## WHAT IS NEEDED
In the entries below, the lines from the one with "a brown vase" through the one with "A Patek Philippe" are to be copied exactly; both ends count.

## LISTED ENTRIES
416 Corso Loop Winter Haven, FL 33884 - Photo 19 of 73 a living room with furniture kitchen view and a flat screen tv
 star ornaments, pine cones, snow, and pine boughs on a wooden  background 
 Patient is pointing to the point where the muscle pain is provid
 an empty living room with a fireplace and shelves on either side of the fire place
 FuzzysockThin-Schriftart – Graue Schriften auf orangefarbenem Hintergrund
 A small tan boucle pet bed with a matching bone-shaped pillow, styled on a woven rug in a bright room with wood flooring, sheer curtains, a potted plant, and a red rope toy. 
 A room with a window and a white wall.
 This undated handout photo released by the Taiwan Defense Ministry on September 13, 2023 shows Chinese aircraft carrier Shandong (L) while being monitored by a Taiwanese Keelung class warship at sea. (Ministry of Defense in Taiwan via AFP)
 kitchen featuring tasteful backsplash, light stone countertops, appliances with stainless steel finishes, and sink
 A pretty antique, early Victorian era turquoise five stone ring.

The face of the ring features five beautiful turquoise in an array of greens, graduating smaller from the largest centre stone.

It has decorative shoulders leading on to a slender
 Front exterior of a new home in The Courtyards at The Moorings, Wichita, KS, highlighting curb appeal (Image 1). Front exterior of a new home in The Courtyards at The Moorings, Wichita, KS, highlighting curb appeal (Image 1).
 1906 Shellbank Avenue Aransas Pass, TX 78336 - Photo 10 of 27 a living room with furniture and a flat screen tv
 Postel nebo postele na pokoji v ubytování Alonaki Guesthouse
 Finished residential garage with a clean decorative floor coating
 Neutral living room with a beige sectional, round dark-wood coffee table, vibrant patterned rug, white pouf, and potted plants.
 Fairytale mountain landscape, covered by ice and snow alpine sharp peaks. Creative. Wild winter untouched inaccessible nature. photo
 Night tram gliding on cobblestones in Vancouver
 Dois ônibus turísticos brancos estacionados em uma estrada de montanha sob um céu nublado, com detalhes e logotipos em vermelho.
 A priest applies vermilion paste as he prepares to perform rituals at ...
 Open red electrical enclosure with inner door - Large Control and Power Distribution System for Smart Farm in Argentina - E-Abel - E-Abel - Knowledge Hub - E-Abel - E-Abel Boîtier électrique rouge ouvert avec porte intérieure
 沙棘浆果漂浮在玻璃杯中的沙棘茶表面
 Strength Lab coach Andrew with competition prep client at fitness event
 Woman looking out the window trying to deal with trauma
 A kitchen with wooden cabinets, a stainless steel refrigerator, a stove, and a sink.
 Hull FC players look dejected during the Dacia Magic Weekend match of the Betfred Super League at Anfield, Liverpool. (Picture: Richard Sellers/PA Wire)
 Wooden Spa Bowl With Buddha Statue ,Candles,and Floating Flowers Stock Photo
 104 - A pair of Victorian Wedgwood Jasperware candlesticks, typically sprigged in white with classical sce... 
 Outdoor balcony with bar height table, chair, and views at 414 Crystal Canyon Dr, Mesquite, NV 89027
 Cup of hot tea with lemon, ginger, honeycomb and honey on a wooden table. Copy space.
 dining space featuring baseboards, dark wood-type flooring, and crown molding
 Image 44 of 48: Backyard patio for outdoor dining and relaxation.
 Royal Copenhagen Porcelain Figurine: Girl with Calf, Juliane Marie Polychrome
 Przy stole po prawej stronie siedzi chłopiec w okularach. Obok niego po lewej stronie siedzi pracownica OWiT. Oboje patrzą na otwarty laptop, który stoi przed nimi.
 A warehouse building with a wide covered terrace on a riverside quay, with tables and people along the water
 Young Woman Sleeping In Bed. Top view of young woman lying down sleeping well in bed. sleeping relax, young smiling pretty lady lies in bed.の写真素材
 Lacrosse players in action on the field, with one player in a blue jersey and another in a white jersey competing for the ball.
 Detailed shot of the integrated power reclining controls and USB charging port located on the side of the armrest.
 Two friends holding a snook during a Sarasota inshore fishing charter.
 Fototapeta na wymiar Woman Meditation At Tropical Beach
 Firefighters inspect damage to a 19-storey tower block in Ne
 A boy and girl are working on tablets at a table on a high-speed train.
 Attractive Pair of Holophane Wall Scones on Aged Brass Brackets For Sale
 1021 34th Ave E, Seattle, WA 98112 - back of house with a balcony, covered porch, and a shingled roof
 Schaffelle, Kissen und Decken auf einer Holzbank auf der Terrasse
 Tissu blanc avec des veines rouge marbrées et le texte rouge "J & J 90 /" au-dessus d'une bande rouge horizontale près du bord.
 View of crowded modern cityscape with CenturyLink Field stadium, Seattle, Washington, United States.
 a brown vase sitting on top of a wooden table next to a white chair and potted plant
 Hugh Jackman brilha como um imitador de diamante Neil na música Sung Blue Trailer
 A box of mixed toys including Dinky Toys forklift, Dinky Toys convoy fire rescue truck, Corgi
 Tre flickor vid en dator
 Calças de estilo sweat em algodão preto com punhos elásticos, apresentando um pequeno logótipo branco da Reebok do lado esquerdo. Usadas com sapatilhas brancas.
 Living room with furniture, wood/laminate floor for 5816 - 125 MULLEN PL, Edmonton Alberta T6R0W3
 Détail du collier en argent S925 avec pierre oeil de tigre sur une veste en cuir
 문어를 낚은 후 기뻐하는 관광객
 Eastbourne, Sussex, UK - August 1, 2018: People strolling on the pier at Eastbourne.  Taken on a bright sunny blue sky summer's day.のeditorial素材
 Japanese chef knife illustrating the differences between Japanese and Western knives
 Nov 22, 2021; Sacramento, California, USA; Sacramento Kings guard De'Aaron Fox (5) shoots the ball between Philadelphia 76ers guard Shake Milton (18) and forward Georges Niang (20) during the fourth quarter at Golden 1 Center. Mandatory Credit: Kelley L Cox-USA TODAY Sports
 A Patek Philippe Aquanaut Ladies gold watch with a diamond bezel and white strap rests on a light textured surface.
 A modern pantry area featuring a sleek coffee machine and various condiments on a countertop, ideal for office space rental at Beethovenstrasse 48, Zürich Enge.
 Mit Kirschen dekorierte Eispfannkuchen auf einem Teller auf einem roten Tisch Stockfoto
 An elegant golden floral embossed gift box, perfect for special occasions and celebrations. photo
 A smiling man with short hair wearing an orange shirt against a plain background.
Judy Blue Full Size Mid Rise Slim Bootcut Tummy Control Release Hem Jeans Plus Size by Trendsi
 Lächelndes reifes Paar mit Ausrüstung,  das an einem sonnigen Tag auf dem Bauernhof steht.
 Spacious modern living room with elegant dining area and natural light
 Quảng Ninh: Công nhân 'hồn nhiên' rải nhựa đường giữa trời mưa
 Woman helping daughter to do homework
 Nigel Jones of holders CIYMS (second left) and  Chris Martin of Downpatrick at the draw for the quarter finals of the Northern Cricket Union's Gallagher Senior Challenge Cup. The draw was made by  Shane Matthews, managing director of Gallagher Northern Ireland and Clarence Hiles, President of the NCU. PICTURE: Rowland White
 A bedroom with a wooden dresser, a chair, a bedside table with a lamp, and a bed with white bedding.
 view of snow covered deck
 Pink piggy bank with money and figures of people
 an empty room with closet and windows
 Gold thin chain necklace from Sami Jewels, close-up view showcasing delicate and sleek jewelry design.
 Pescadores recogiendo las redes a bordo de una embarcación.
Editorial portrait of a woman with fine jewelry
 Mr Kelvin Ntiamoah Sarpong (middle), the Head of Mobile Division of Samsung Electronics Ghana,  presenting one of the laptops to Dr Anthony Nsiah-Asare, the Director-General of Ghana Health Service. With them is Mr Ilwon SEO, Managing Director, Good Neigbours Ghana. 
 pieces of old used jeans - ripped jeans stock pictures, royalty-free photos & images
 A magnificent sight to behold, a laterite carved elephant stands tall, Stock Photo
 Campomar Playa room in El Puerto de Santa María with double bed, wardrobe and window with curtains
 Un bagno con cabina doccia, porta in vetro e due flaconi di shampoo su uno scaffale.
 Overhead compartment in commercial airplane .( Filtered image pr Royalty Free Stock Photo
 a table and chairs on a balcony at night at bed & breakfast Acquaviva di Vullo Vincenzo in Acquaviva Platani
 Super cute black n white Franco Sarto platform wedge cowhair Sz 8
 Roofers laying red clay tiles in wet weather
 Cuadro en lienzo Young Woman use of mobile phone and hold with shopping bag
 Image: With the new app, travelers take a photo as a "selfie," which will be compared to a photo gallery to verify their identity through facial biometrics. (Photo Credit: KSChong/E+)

## WRITTEN SOLUTION
 a brown vase sitting on top of a wooden table next to a white chair and potted plant
 Hugh Jackman brilha como um imitador de diamante Neil na música Sung Blue Trailer
 A box of mixed toys including Dinky Toys forklift, Dinky Toys convoy fire rescue truck, Corgi
 Tre flickor vid en dator
 Calças de estilo sweat em algodão preto com punhos elásticos, apresentando um pequeno logótipo branco da Reebok do lado esquerdo. Usadas com sapatilhas brancas.
 Living room with furniture, wood/laminate floor for 5816 - 125 MULLEN PL, Edmonton Alberta T6R0W3
 Détail du collier en argent S925 avec pierre oeil de tigre sur une veste en cuir
 문어를 낚은 후 기뻐하는 관광객
 Eastbourne, Sussex, UK - August 1, 2018: People strolling on the pier at Eastbourne.  Taken on a bright sunny blue sky summer's day.のeditorial素材
 Japanese chef knife illustrating the differences between Japanese and Western knives
 Nov 22, 2021; Sacramento, California, USA; Sacramento Kings guard De'Aaron Fox (5) shoots the ball between Philadelphia 76ers guard Shake Milton (18) and forward Georges Niang (20) during the fourth quarter at Golden 1 Center. Mandatory Credit: Kelley L Cox-USA TODAY Sports
 A Patek Philippe Aquanaut Ladies gold watch with a diamond bezel and white strap rests on a light textured surface.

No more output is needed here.